## WHAT THE TASK REQUIRES
As the answer, set down the lines below from the one containing "David Hockney Blue" through the one containing "modern industrial biodegradable", exactly and inclusively, and no others.

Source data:
--------
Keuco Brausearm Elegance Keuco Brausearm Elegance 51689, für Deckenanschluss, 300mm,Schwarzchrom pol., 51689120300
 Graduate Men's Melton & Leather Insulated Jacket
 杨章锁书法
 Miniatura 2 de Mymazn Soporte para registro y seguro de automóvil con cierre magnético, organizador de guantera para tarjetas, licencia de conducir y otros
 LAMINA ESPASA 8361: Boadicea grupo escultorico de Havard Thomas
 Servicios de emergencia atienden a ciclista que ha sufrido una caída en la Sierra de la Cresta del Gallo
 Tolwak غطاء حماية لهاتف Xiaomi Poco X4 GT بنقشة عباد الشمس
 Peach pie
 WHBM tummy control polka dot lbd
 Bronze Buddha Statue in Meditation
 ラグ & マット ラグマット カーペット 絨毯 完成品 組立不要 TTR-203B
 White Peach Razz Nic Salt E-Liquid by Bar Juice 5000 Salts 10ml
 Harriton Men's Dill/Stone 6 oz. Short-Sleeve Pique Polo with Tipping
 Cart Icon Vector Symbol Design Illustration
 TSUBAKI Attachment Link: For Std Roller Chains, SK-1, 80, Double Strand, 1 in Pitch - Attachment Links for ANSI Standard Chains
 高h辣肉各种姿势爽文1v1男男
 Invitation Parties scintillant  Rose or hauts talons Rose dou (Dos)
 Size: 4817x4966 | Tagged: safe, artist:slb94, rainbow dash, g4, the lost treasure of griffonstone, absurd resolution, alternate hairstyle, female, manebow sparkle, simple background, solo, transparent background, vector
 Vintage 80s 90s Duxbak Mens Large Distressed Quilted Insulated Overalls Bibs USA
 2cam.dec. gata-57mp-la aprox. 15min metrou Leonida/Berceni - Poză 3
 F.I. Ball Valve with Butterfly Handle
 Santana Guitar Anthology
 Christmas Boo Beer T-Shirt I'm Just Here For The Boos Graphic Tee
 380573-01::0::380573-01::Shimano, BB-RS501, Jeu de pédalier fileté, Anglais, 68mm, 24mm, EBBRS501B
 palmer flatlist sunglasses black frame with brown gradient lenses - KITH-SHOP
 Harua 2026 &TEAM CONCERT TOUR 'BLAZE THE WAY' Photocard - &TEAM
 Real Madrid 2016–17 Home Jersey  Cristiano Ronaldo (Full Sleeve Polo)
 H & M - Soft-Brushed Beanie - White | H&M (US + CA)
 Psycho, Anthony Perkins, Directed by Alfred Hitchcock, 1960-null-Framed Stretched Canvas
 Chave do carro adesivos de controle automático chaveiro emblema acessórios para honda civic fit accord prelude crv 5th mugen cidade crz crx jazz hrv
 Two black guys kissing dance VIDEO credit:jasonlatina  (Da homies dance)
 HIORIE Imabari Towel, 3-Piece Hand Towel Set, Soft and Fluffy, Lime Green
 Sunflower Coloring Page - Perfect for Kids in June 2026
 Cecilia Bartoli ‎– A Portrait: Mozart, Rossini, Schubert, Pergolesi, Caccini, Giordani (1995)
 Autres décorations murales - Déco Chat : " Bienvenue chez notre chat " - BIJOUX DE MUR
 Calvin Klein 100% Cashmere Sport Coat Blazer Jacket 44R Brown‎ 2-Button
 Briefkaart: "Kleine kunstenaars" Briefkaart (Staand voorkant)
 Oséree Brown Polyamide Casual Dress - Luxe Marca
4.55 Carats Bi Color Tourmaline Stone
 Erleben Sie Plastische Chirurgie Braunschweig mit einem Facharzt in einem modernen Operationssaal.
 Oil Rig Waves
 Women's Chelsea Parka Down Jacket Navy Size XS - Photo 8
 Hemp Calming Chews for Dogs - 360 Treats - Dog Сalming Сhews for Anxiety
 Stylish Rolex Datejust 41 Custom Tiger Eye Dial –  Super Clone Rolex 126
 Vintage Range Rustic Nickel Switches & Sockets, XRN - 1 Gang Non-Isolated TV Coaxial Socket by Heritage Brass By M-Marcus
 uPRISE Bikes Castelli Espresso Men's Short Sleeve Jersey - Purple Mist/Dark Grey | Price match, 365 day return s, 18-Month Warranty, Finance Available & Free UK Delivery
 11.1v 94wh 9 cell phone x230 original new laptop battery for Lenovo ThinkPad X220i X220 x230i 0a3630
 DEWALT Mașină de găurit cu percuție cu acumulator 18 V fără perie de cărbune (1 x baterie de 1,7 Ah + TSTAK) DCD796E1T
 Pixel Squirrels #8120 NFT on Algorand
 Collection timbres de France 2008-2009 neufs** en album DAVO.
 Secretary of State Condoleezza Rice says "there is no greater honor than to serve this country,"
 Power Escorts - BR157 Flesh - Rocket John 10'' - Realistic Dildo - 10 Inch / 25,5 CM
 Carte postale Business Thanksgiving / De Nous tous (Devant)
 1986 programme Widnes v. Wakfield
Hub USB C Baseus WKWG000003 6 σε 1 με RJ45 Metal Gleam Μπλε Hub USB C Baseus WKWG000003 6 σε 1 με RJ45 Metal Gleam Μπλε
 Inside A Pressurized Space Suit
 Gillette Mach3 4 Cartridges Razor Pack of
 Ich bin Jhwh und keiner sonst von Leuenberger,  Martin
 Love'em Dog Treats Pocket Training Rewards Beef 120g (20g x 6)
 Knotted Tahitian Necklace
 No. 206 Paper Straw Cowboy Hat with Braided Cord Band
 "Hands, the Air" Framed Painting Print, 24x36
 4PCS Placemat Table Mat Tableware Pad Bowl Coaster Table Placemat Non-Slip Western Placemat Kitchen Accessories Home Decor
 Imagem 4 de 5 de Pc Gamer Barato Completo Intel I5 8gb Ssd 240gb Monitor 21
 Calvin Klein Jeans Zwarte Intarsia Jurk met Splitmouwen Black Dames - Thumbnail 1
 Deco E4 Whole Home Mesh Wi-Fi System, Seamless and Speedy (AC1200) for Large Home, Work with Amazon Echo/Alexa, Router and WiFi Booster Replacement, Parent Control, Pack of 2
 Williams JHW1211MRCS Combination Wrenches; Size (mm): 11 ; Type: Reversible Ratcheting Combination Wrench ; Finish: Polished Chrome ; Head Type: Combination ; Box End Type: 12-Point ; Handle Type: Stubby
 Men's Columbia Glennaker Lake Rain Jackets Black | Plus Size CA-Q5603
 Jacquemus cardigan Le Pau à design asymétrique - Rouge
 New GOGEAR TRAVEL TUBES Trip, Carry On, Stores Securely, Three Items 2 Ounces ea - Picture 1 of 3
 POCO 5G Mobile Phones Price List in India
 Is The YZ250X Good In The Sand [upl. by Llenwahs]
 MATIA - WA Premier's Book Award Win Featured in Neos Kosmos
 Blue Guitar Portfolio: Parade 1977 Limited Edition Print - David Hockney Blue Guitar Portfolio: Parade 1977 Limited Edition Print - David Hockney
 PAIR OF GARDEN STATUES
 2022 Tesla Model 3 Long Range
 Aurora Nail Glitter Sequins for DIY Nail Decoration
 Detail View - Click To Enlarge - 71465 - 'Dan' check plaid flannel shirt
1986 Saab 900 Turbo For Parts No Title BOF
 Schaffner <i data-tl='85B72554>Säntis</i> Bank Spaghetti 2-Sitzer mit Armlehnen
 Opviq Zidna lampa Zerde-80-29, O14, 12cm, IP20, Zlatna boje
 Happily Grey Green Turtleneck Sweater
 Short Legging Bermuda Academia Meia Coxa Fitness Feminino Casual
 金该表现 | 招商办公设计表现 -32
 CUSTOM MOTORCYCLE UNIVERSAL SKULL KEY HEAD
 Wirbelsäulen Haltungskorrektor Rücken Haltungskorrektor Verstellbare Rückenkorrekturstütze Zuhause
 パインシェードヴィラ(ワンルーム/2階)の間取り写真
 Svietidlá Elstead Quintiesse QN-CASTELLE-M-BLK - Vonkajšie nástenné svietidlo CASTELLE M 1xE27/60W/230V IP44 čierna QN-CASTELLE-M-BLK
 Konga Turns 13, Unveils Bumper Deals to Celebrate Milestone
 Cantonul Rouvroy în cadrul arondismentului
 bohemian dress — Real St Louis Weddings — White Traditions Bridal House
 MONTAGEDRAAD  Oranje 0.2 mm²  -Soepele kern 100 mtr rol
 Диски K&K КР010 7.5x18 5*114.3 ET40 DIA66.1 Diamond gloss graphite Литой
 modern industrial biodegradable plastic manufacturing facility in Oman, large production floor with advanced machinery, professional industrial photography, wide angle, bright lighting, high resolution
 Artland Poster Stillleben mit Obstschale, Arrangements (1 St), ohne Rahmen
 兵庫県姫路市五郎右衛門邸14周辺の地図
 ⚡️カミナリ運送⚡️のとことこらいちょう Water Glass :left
--------
## SOLUTION BELOW
 Blue Guitar Portfolio: Parade 1977 Limited Edition Print - David Hockney Blue Guitar Portfolio: Parade 1977 Limited Edition Print - David Hockney
 PAIR OF GARDEN STATUES
 2022 Tesla Model 3 Long Range
 Aurora Nail Glitter Sequins for DIY Nail Decoration
 Detail View - Click To Enlarge - 71465 - 'Dan' check plaid flannel shirt
1986 Saab 900 Turbo For Parts No Title BOF
 Schaffner <i data-tl='85B72554>Säntis</i> Bank Spaghetti 2-Sitzer mit Armlehnen
 Opviq Zidna lampa Zerde-80-29, O14, 12cm, IP20, Zlatna boje
 Happily Grey Green Turtleneck Sweater
 Short Legging Bermuda Academia Meia Coxa Fitness Feminino Casual
 金该表现 | 招商办公设计表现 -32
 CUSTOM MOTORCYCLE UNIVERSAL SKULL KEY HEAD
 Wirbelsäulen Haltungskorrektor Rücken Haltungskorrektor Verstellbare Rückenkorrekturstütze Zuhause
 パインシェードヴィラ(ワンルーム/2階)の間取り写真
 Svietidlá Elstead Quintiesse QN-CASTELLE-M-BLK - Vonkajšie nástenné svietidlo CASTELLE M 1xE27/60W/230V IP44 čierna QN-CASTELLE-M-BLK
 Konga Turns 13, Unveils Bumper Deals to Celebrate Milestone
 Cantonul Rouvroy în cadrul arondismentului
 bohemian dress — Real St Louis Weddings — White Traditions Bridal House
 MONTAGEDRAAD  Oranje 0.2 mm²  -Soepele kern 100 mtr rol
 Диски K&K КР010 7.5x18 5*114.3 ET40 DIA66.1 Diamond gloss graphite Литой
 modern industrial biodegradable plastic manufacturing facility in Oman, large production floor with advanced machinery, professional industrial photography, wide angle, bright lighting, high resolution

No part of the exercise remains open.